Playwright Frankétienne, one of Haiti’s most famous writers and a Nobel Prize nominee, wrote THE NOOSE in 1978 in Haitian Creole as Pèlin Tèt, or “Head Trap.” This production provides a unique opportunity to see the work performed in English, a language in which it’s reportedly not been produced since 1997, when the translation by Dr. Asselin Charles was written. (Somewhat ironically, Pyram spits that he has no desire to learn the language, as nobody would make an effort to listen to him, anyway.)
The text in the play is expansive, with Frankétienne giving Polydor an almost Shakespearean cadence. Clark does his best sneering Iago at St. Fleur’s back, particularly in an unrelenting opening monologue where he brutally picks apart every detail of Pyram’s boasting story of a sexual conquest at Union Station. While Clark makes a delightful feast of Polydor’s words, St. Fleur is looser and freer, but shows greater range as a man becoming more and more downtrodden under the weight of manual labour.
Alana Raymond’s sound design also produces weight and tension, with the booming, distorted sounds of footsteps on metal overhead and muffled laughter in the dark. Set designer Matthew Hall approximates a late 1970s basement, with two twin bed areas decorated to character, and Costume Designer Kalina Popova differentiates their styles clearly, Polydor’s businesslike neutrals fading beside Pyram’s peacocking blue and purple shirt.

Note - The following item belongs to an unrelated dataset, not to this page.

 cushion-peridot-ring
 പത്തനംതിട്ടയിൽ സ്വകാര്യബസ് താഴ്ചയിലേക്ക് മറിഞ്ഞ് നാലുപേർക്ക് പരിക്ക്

Pacing is a funny thing in a one act, and THE NOOSE suffers a bit in its middle third. In a two-hander where the characters must rile each other up to a climactic point without outside influence, there are two good options, either following the unity of time for a blistering 90 minutes or brute-forcing a longer passage of time through several short scenes. THE NOOSE is somewhere in between, not quite having enough spacing to denote a lengthy passage of time, while drawing out the time presented so it doesn’t quite seem like an explosive culmination of the two men’s coexistence. The fact that the impressive dialogue also moves in circles around the characters like the titular noose doesn’t help much. However, a late discovery and a growing understanding between the two men help to kick things into high gear toward the conclusion.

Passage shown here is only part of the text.